ACTION ITEM: Search the material below for the word "Women". Copy every line where it is found.

DATASET RECORDS:
↓

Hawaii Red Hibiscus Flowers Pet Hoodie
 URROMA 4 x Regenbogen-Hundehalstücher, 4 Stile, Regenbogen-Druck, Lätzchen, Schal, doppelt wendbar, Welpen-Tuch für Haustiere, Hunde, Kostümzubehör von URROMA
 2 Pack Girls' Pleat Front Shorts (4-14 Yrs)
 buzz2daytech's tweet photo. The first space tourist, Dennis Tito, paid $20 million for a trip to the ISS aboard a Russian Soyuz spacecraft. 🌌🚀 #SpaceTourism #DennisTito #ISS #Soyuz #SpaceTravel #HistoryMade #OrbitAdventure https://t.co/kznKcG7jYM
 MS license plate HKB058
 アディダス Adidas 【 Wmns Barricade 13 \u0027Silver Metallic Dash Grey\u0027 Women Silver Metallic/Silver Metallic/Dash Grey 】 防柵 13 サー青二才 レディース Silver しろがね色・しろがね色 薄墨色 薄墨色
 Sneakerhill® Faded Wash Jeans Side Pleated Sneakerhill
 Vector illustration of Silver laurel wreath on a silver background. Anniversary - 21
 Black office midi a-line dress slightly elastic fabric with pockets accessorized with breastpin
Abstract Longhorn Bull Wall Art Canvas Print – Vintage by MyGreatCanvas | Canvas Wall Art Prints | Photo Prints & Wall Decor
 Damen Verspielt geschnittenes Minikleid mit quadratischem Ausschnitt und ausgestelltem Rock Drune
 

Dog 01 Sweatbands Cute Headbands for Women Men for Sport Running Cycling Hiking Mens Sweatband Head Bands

↑

RESPONSE TO THIS TASK:
 アディダス Adidas 【 Wmns Barricade 13 \u0027Silver Metallic Dash Grey\u0027 Women Silver Metallic/Silver Metallic/Dash Grey 】 防柵 13 サー青二才 レディース Silver しろがね色・しろがね色 薄墨色 薄墨色
Dog 01 Sweatbands Cute Headbands for Women Men for Sport Running Cycling Hiking Mens Sweatband Head Bands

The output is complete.